RE: EXT :Re: GIT and large files

2014-05-20 Thread Stewart, Louis (IS)
The files in question would be in directory containing many files some small 
other huge (example: text files, docs,and jpgs are Mbs, but executables and ova 
images are GBs, etc).

Lou

From: Gary Fixler [mailto:gfix...@gmail.com] 
Sent: Tuesday, May 20, 2014 12:09 PM
To: Stewart, Louis (IS)
Cc: git@vger.kernel.org
Subject: EXT :Re: GIT and large files

Technically yes, but from a practical standpoint, not really. Facebook recently 
revealed that they have a 54GB git repo[1], but I doubt it has 20+GB files in 
it. I've put 18GB of photos into a git repo, but everything about the process 
was fairly painful, and I don't plan to do it again.
Are your files non-mergeable binaries (e.g. videos)? The biggest problem here 
is with branching and merging. Conflict resolution with non-mergeable assets 
ends up an us-vs-them fight, and I don't understand all of the particulars of 
that. From git's standpoint it's simple - you just have to choose one or the 
other. From a workflow standpoint, you end up causing trouble if two people 
have changed an asset, and both people consider their change important. 
Centralized systems get around this problem with locks.
Git could do this, and I've thought about it quite a bit. I work in games - we 
have code, but also a lot of binaries, that I'd like to keep in sync with the 
code. For awhile I considered suggesting some ideas to this group, but I'm 
pretty sure the locking issue makes it a non-starter. The basic idea - skipping 
locking for the moment - would be to allow setting git attributes by file type, 
file size threshold, folder, etc., to allow git to know that some files are 
considered bigfiles. These could be placed into the objects folder, but I'd 
actually prefer they go into a .git/bigfile folder. They'd still be saved as 
contents under their hash, but a normal git transfer wouldn't send them. They'd 
be in the tree as 'big' or 'bigfile' (instead of 'blob', 'tree', or 'commit' 
(for submodules)).

Git would warn you on push that there were bigfiles to send, and you could add, 
say, --with-big to also send them, or send them later with, say, `git push 
--big`. They'd simply be zipped up and sent over, without any packfile 
fanciness.
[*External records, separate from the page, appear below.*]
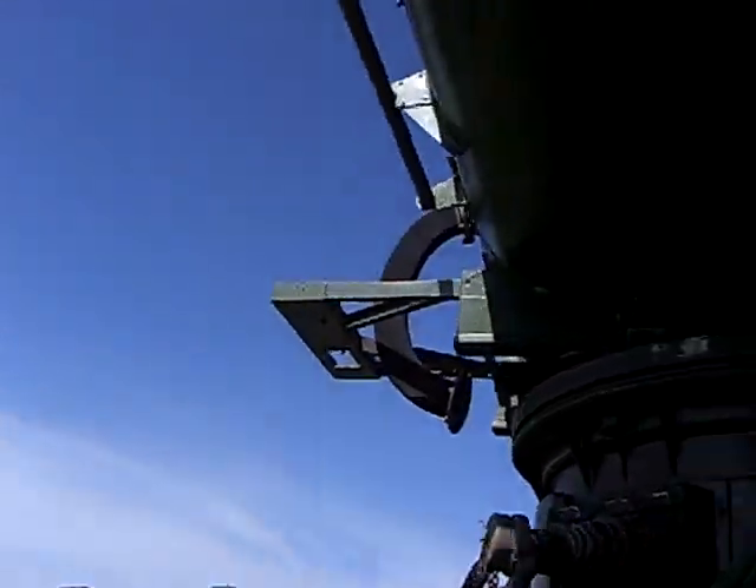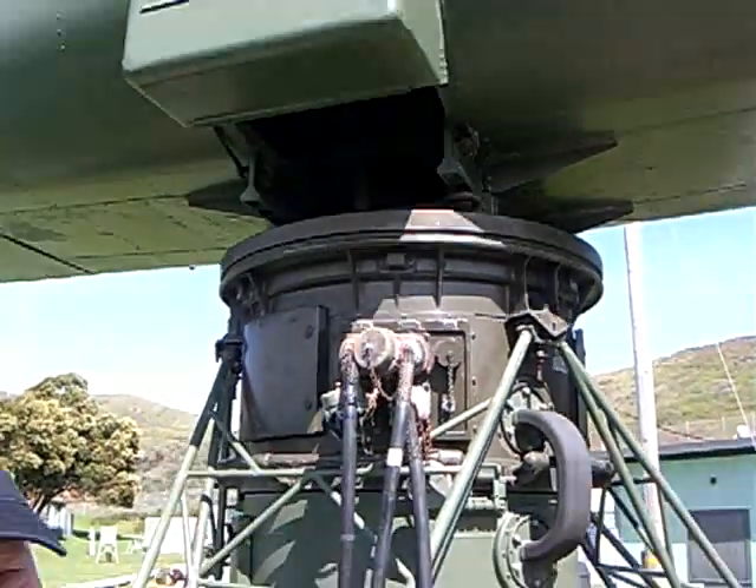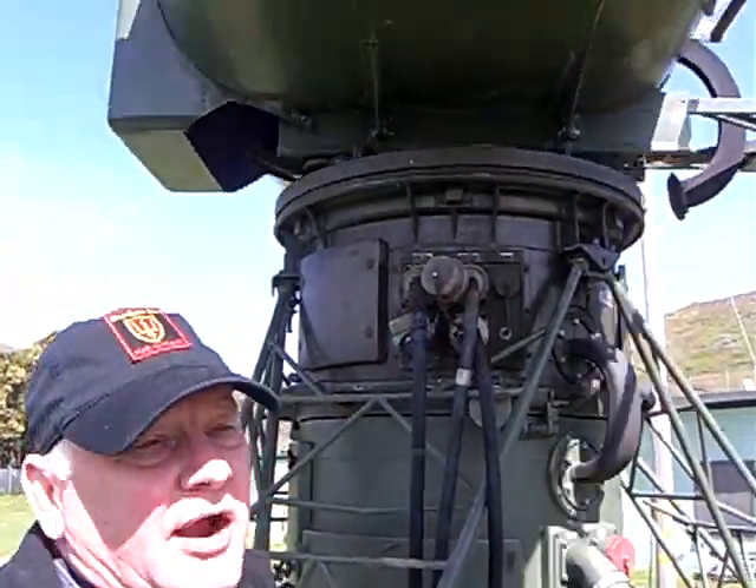This is a Nike Hercules Low Power Acquisition Radar. It is the centerpiece for the Nike Hercules system — it's what first sees any incoming aircraft.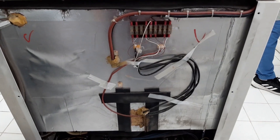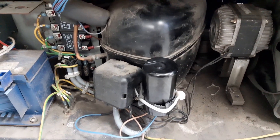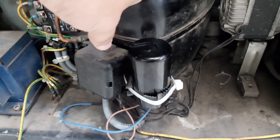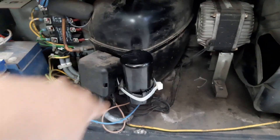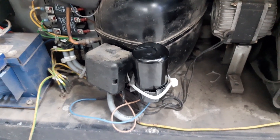Here at the back side is the compressor and as you can see there is a starter capacitor. The compressor is still hot and most of the time the problem with this one comes from this starter capacitor.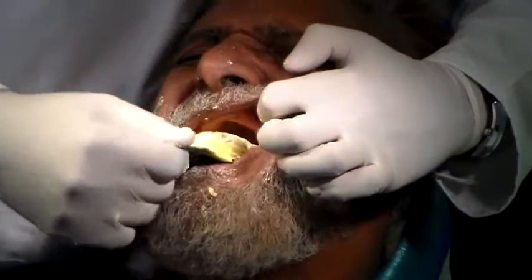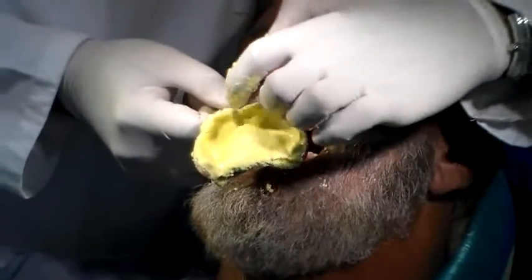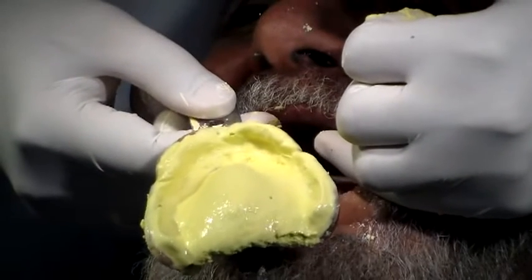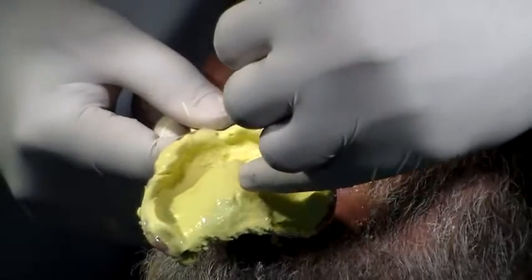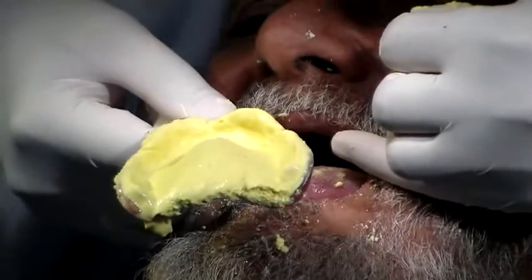So you want to just break the seal and take it off, and there's your impression. As you can see, it's okay — all the vestibules are recorded, the frenums are recorded. You have slight denudation of the impression material in the rugae area, but that's common because of the fibrous nature of the rugae. You also have the fovea palatini in this region, so you know where your fovea palatini line is going to come.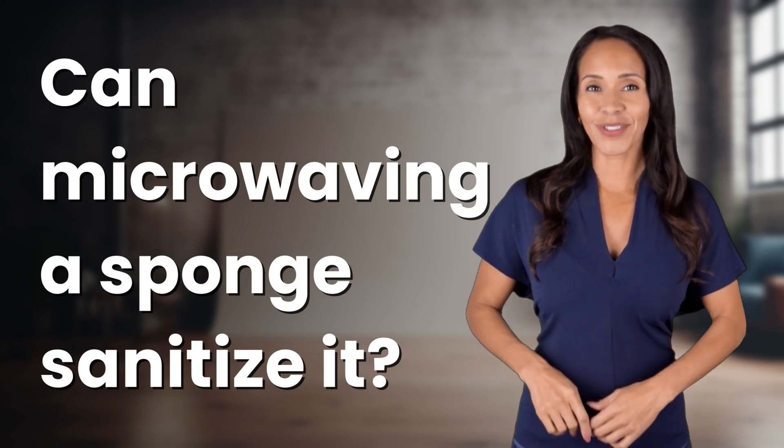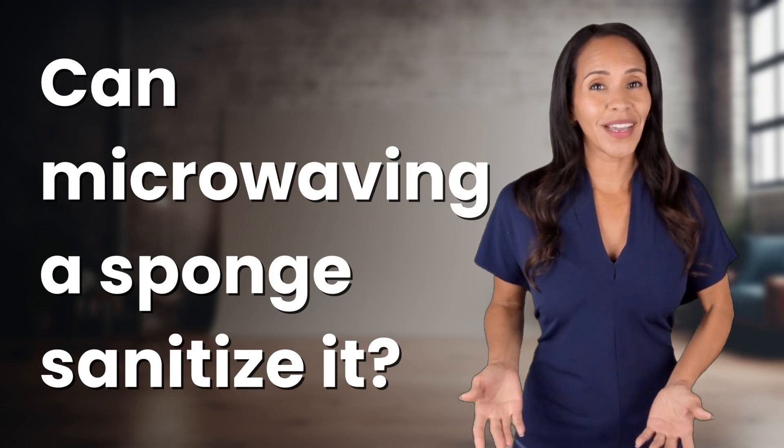Fast Minds, get ready for some fast facts. What are we uncovering today?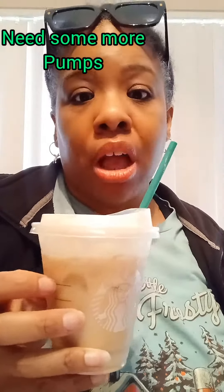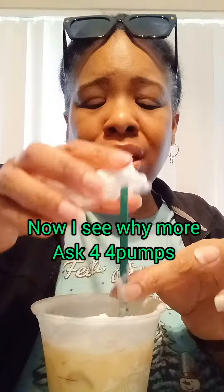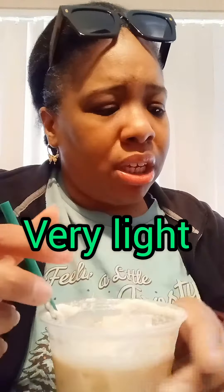I asked for two pumps of the flavor but I don't really taste it — it's very vague. The cold foam has more of the flavor. It's a light flavor overall, something I probably wouldn't get again. This is one of their holiday flavors, and the cold foam is probably the best thing about this drink.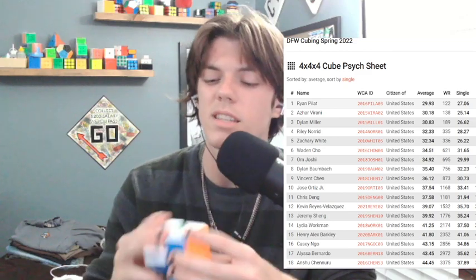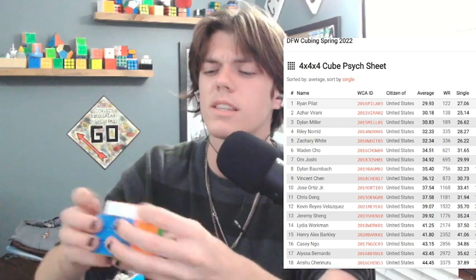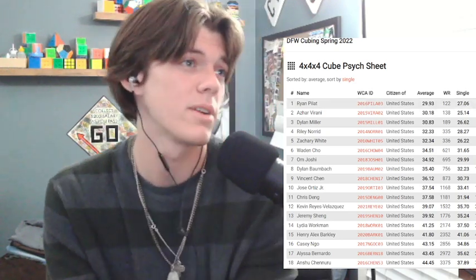4x4 is really chill. Azzer's going — I love Azzer, he's so chill. I'm going to be using... I think this is the Aosu GTS2 — I don't really know, someone will confirm it in the comments. It's the same 4x4 I've been using. I'm going for sub 32, maybe sub 33 average. I just hope I don't get a lot of parities because parities kind of ruin my vibe. Hoping for no parities. Sub 30 single — 28 single would be cool.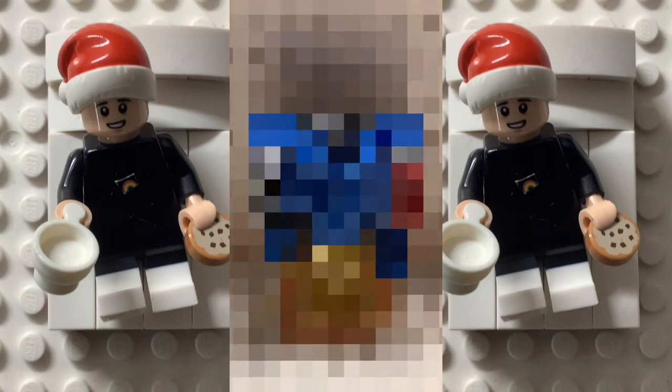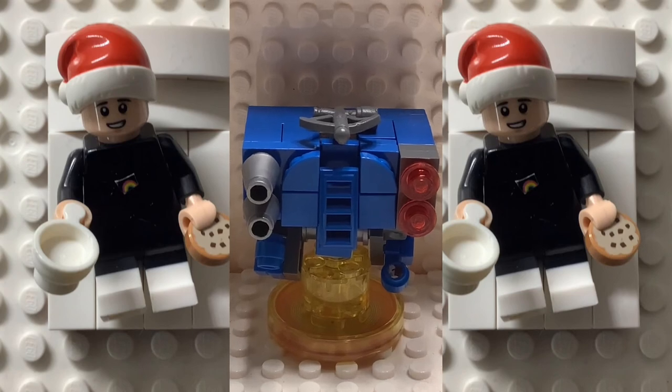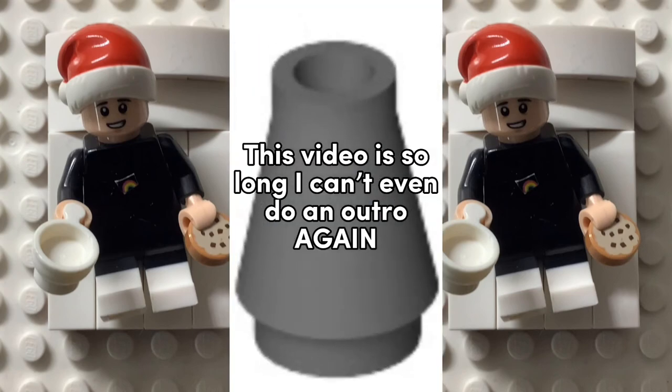For the build, I wanted to recreate a dreadnought, and here it is. I used a weird bow piece for one set of missiles and two cone pieces for the other.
When you clone, you wouldn't get the bigfiles, unless you specified 
--with-big, and it would warn you that there are also bigfiles, and tell you 
what command to run to get also get them (`git fetch --big`, perhaps). Git 
status would always let you know if you were missing bigfiles. I think hopping 
around between commits would follow the same strategy, you'd always have to, 
e.g. `git checkout foo --with-big`, or `git checkout foo` and then `git update 
big` (or whatever - I'm not married to any of these names).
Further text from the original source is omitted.